A few years ago, I watched a contrived controversy on a cable news channel. An exclusive and expensive liberal arts college in the suburbs of Los Angeles was giving students access to time on the campus cable TV channel. Not surprisingly, one group decided to produce pornography. Appearing on the show was a young woman, who was the producer, and a young man, one of the stars of the show.
Of course, the discussion followed the old tired pattern. On one side was the progressive liberated free thinkers and on the other the puritanical reactionary conservatives. Unfortunately, the world, even the educated world, can think only in terms of dualities when they need to think in terms of triads.

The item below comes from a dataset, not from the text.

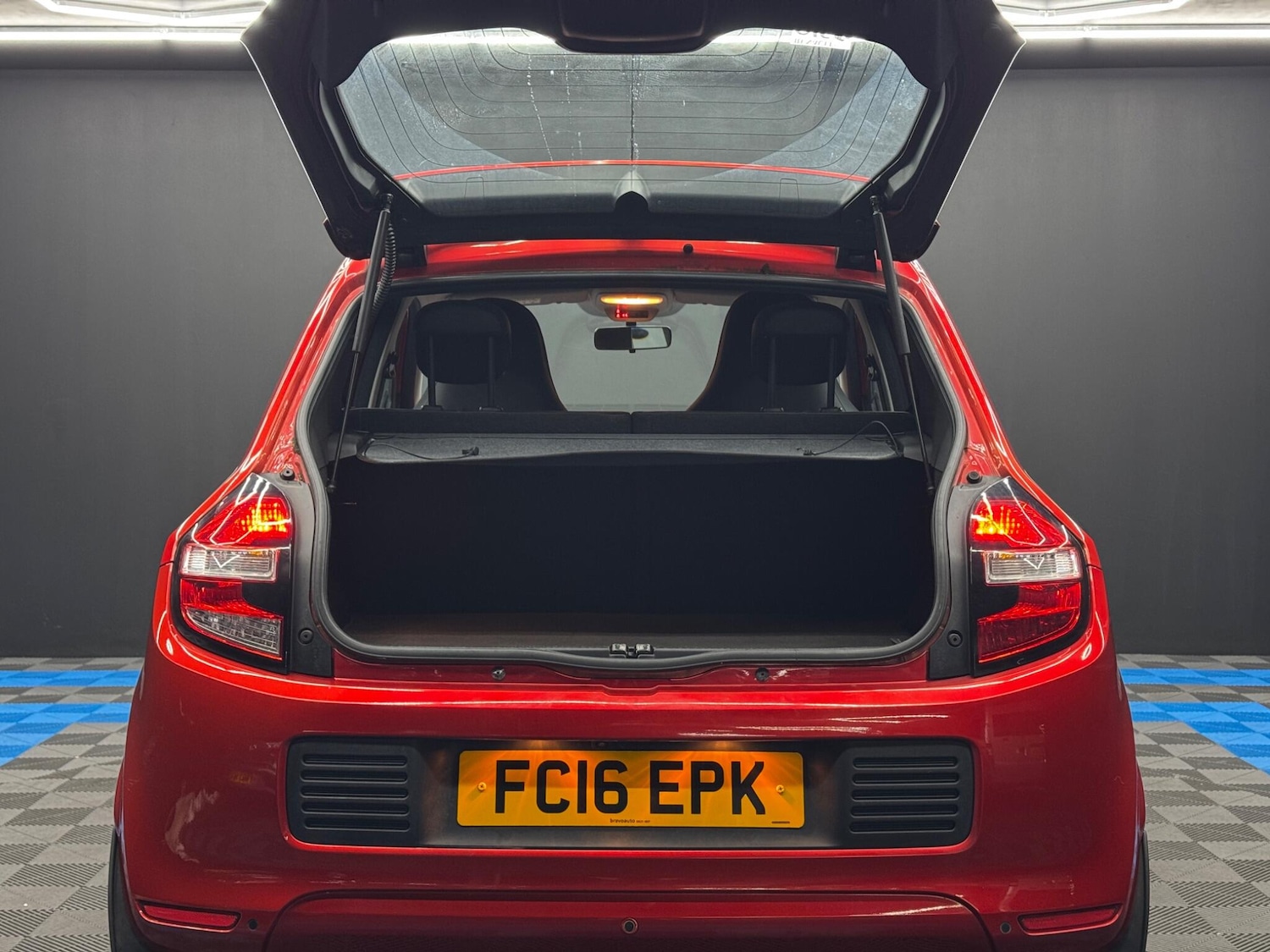 Used Renault Twingo for sale - 77237759: Photo 35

The format of the show was clearly designed to excite the two soul powers. One side represented liberated eros, not subject to any constraint. The other side was incensed (thumos) over the degeneration of youth. The missing term of the triad is, of course, nous, the intelligence.
The disappointment is that these privileged students could not conceive of anything higher or more creative than pornography, which doesn’t take much intelligence at all. Suppose, instead, that had attempted some of these more creative projects.
- Weekly series based on stories from the Eddas
- Plato’s Republic has many story ideas
- A story based on the ideal republic (even has its prurient interest)
- A story based on the allegory of the cave
- Contests based on medieval knights. For example, climbing up the inside of a ladder in full armor.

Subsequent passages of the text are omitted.